Following the decisions by the Supreme Administrative Court of Turkey and Recep Tayyip Erdogan that provide for the conversion of the Hagia Sophia Museum into a mosque, the Turkish president “re-defies Europe,” as reported by the French daily newspaper Le Figaro.
“So we have learned the name of the 3,272nd mosque in Constantinople: the ‘Hagia Sophia’ mosque,”, the text reads, adding that, thanks to the decision by the Turkish Council of State, the Turkish president can “fulfil the dream” of Islamists and nationalists in his country, which was “the religious and political re-conquest of this symbol of Constantinople.”
On November 24, 1934, Mustafa Kemal, the founder of the very young Turkish Republic, turned the former basilica, which was then an Islamic mosque, into a museum, but “86 years later, on July 10, 2020, President Recep Tayyip Erdogan turned the jewel of Constantinople into a Muslim place of worship, to the maximum satisfaction of the most conservative religious part of his electorate and the allies on the far right” of Turkey, as reported by the French newspaper Le Monde.
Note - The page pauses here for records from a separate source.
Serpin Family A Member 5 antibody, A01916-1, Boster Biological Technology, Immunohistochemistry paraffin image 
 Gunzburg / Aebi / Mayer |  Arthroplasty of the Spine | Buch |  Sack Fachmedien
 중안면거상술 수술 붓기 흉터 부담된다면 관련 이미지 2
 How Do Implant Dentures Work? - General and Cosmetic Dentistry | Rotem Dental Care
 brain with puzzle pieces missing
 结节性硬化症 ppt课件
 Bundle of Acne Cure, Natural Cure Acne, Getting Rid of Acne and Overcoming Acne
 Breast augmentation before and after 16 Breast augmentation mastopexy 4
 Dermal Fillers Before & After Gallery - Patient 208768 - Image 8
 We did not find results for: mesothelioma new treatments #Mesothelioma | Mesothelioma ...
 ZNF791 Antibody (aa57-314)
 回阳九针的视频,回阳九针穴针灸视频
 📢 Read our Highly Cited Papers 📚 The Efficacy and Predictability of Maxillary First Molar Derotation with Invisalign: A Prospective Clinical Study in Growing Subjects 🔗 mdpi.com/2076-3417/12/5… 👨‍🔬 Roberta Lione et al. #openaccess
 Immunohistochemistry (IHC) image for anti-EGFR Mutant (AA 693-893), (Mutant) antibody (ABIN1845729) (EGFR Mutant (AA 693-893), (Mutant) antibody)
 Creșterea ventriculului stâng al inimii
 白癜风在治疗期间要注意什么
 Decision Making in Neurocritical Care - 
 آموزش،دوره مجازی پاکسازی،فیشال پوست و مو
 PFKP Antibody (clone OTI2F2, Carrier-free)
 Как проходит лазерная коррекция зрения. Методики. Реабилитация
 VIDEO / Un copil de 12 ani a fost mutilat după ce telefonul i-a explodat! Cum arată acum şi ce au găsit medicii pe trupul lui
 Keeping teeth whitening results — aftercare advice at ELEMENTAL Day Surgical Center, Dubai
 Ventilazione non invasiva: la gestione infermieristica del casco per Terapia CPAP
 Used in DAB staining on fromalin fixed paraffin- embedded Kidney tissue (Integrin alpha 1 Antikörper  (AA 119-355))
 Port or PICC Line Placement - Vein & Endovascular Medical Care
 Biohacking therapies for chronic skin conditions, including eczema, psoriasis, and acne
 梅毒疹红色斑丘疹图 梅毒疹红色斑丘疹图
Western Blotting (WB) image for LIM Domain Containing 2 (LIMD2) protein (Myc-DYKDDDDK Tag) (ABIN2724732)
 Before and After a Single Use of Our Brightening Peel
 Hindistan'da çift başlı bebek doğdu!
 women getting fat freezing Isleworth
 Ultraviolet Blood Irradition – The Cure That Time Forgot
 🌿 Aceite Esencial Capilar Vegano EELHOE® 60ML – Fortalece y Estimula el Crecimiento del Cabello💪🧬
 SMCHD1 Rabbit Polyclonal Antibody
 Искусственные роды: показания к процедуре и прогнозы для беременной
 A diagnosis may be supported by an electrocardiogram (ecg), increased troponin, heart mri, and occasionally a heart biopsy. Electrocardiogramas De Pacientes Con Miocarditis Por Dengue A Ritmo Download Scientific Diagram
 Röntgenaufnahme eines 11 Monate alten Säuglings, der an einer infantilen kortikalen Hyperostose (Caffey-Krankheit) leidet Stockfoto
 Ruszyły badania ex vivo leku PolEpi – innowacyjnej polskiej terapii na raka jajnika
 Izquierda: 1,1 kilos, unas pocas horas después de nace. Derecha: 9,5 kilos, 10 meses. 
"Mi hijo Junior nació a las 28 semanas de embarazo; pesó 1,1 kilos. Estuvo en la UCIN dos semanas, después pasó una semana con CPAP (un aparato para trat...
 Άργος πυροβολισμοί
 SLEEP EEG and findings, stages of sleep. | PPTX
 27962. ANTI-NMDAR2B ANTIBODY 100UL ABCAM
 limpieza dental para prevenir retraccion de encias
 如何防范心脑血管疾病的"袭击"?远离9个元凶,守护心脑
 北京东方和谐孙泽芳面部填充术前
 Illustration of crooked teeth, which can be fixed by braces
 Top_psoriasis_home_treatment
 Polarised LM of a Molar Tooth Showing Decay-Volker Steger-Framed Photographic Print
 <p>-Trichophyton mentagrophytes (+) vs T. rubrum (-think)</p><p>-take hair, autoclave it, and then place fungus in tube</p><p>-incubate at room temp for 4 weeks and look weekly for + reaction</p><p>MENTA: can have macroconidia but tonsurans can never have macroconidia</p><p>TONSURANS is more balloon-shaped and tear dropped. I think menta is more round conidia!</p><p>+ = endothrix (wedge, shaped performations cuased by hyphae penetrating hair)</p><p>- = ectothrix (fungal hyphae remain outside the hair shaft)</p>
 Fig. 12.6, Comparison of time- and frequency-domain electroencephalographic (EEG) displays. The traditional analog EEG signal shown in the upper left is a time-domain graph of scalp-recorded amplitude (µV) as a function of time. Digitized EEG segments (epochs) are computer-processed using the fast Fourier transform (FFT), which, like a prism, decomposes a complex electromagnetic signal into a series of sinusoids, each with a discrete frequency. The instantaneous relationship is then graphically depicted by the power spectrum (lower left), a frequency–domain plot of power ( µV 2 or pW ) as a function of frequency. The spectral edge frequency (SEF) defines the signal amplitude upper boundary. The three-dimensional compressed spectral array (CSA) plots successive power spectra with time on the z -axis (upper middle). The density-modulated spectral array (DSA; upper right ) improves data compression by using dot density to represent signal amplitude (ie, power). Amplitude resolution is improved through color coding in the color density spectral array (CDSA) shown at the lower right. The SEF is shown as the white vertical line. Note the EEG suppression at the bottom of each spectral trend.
According to the British newspaper The Times, the move by the Turkish president, reinforced by the ruling of the country’s highest administrative court, “spells the end of Ataturk’s secular vision for Turkey.” The Times described the speech delivered by the leader of the Turkish State, a few minutes after the call to the afternoon prayer, as one of the “most dramatic moments in the history of 1,500 years” of the emblematic Byzantine building.